Complex sclerosing lesion

by Kimberly Wood, MD MSc FRCPC
March 4, 2022


What is a complex sclerosing lesion in the breast?

Complex sclerosing lesion (CSL) is a non-cancerous growth that develops when there is an increase in the number of glands and ducts surrounding an area of altered connective tissue called a scar in the breast. Although non-cancerous, CSL is associated with a small increased risk of developing breast cancer when compared to women without CSL.​ Another name for a CSL is a radial scar.

How do pathologists make the diagnosis of complex sclerosing lesion?

Complex sclerosing lesions (CSL) can be diagnosed after a small sample of tissue is removed in a procedure called a biopsy. The diagnosis can also be made after a larger area of tissue is removed in a procedure called a resection.

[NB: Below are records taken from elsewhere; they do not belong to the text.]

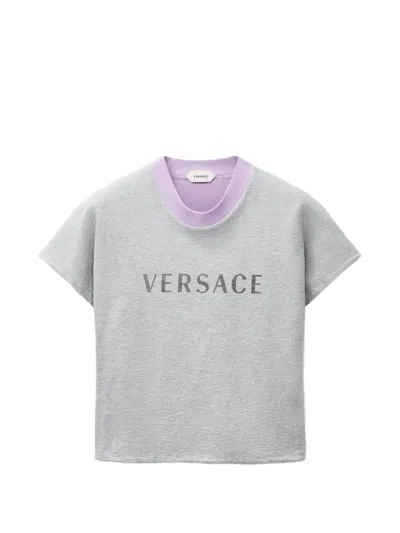 Versace Reversible Logo Print Ribbed-trim Mini T-shirt For Women In Gray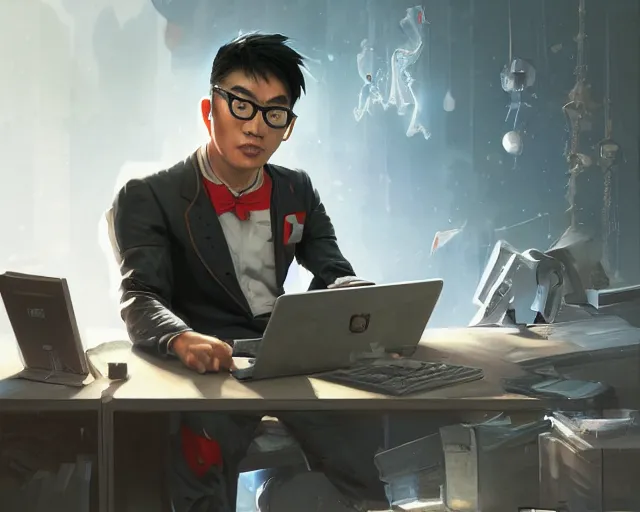 Image similar to an insanely detailed painting of a nerdy asian man wearing a superhero costume, sitting at a desk, staring at the nervously at the computer and typing, in the style of peter mohrbacher, dramatic lighting and composition, octane render, pixar, trending on artstation, concept art, comic book, view from behind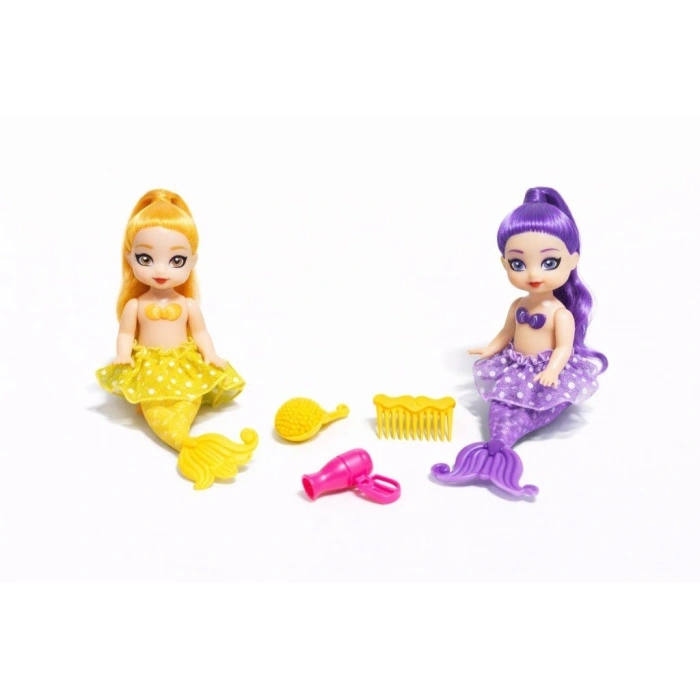 2li Deniz Kızı Bebek Seti - Hareketli Eklemler ve Aksesuarlı -Sarı & Mor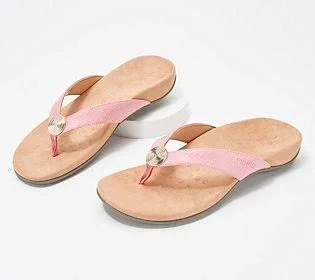 Vionic Woven Thong Sandals with Metallic Detail - Hilda, Size 11 Medium, Camellia
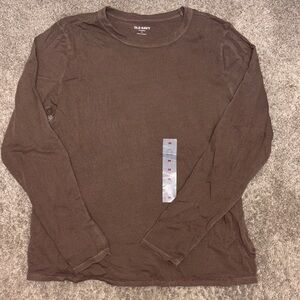Old Navy Brown Long Sleeve Crewneck Top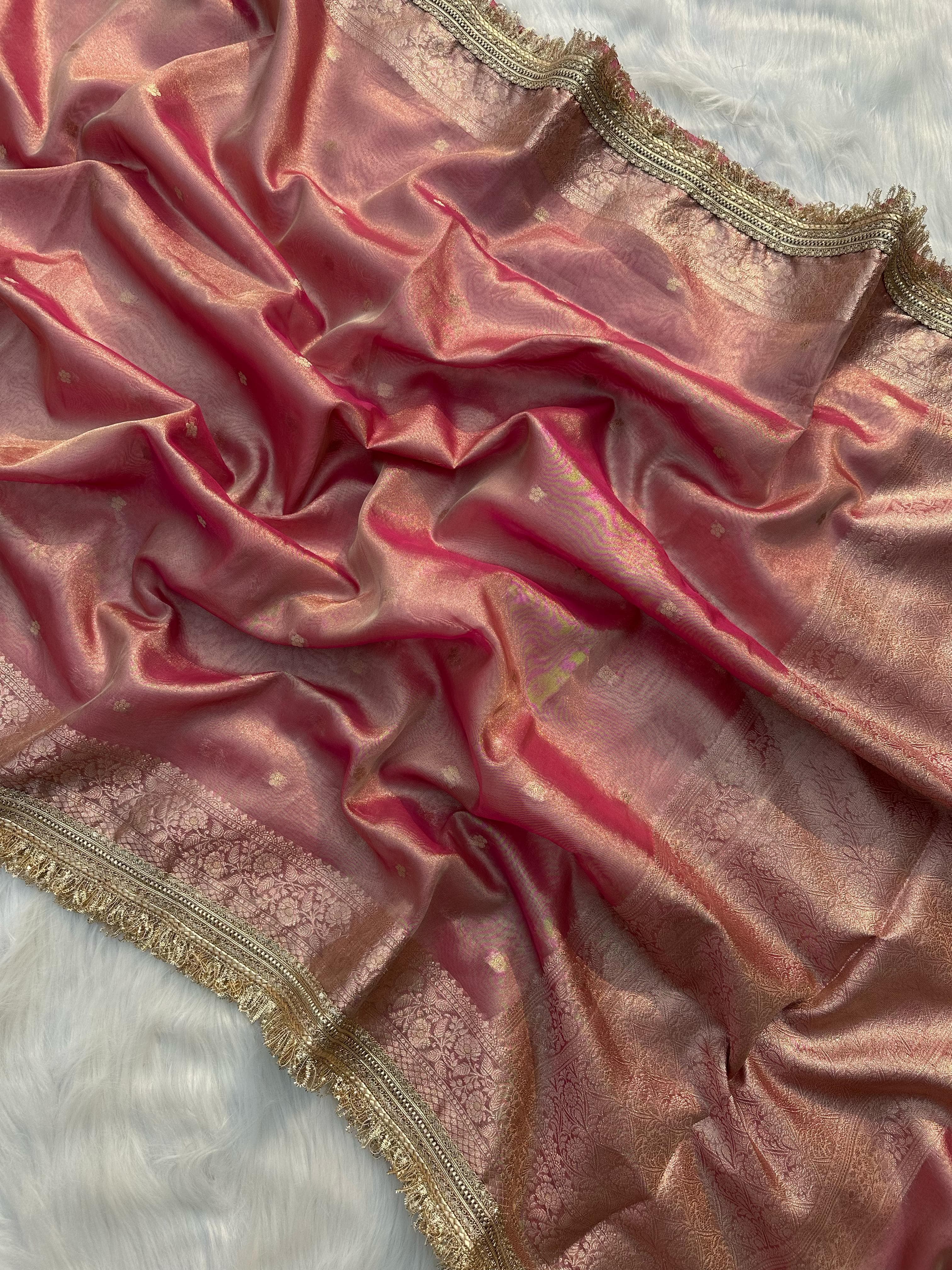 Suneheri Aura Tissue Banarasi Saree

For many patients, a CSL is discovered incidentally after a biopsy or resection is performed for another reason. However, some CSL can be seen on screening mammography/ultrasound, especially when they are greater than 1 cm in size. Because a CSL can look very similar to breast cancer on mammography or ultrasound, a biopsy is performed to confirm the diagnosis.

What does a complex sclerosing lesion look like under the microscope?

When examined under the microscope, a CSL is made up of abnormal connective tissue that pathologists describe as fibrosis. The abnormal connective tissue is sometimes described as showing elastosis or elastotic because it contains numerous elastic fibers. Small irregularly shaped ducts and glands are often seen trapped within the area of fibrosis. Other non-cancerous changes that are often seen in the tissue surrounding a CSL include usual ductal hyperplasia (UDH), cysts, and apocrine metaplasia.